The literature hosts many equations to predict the total skin factor in
partially perforated vertical wells. Some of the available models have been
tested against the results from the 3D semianalytical model. It has been shown
that total skin-factor equations based on the summation of individual
components do not work.
The 3D semianalytical model has been modified to build an approximate model
for fully and partially perforated inclined wells in isotropic formations.
Additionally, a simple hybrid model to compute total skin factor in perforated
inclined wells has been presented. The hybrid model for perforated inclined
wells agrees well with the approximate 3D model.
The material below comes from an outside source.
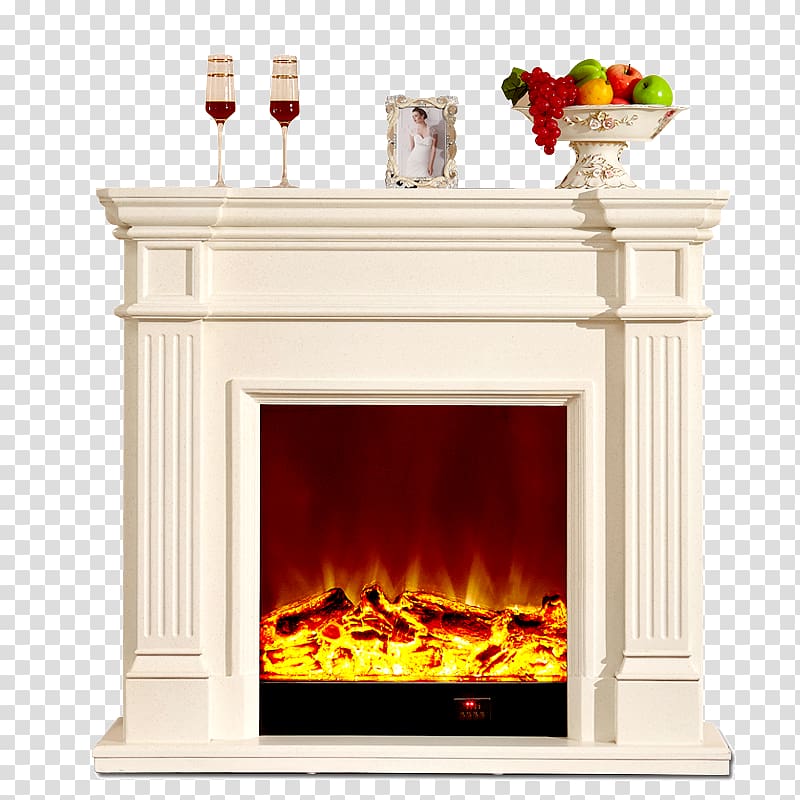 Fireplace Chimney Flame White European Fire Material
Some of the available models
to calculate total skin factor in perforated inclined wells have been compared
to the approximate 3D model, and their accuracy has been discussed.
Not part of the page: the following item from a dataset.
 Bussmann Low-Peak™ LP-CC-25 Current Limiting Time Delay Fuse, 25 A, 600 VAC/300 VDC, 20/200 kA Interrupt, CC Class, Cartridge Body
Finally, a simple model to predict total skin factors in perforated
horizontal wells has been developed. The application using the simple model has
demonstrated that a combination of long wellbore length and perforations
bypassing the damaged zone could overcome the destructive effect of severe
formation damage around the wellbore.
Introduction
The long-term productivity of oil and gas wells is influenced by many
factors. Among these factors are petrophysical properties, fluid properties,
degree of formation damage and/or stimulation, well geometry, well completions,
number of fluid phases, and flow-velocity type. To isolate and identify the
effect of any single parameter on the well performance, a sensitivity study on
the parameter of interest is conducted, and the results are compared to a
reference base case of an ideal vertical open hole. In the base case, the ideal
vertical open hole produces single-phase fluid, the fluid flow obeys Darcy’s
law, and the formation is neither stimulated nor damaged. The influence of the
individual parameters not considered in the base case is quantified in terms of
skin factor.
Oil and gas wells may have permeability reduction around the wellbore caused
by invasion by drilling mud, cement, solids, and completion fluids. This is
generally referred to as formation damage. Formation damage around the wellbore
causes additional pressure drop. On the other hand, stimulation operations such
as acidizing may decrease the pressure drop in the near-wellbore region by
improving the formation permeability around the wellbore. The impact of
permeability impairment/improvement around the wellbore caused by drilling,
production, and acidizing operations is quantified in terms of mechanical skin
factor.
The fluid flow in the near-wellbore region is also influenced by
well-completion type. Openhole completion yields a local flow pattern that is
radial around the wellbore and normal to the well trajectory. However, in some
cases, openhole completion may not be desirable. Different types of well
completion may be needed to control/isolate fluid entry into the wellbore, to
avoid gas/water coning, and to minimize sand production. Besides the openhole
completion, wells may be partially or selectively completed with perforations,
slotted liners, gravel packs, screens, and zonal-isolation devices. Also, wells
with low productivity may need to be hydraulically fractured. In completed
wells, the flow pattern around the wellbore is distorted. Completions result in
additional fluid convergence and divergence in the near-wellbore region. For
example, partial penetration creates a 2D flow field in the formation. On the
other hand, a perforated well experiences 3D flow converging around perforation
tunnels. Compared to an ideal open hole, the wells with completions are subject
to additional pressure gain/loss in the near-wellbore region. The additional
pressure change caused by well completion is quantified in terms of completion
pseudoskin factor.
Well performance is naturally influenced by the geometry of the well itself.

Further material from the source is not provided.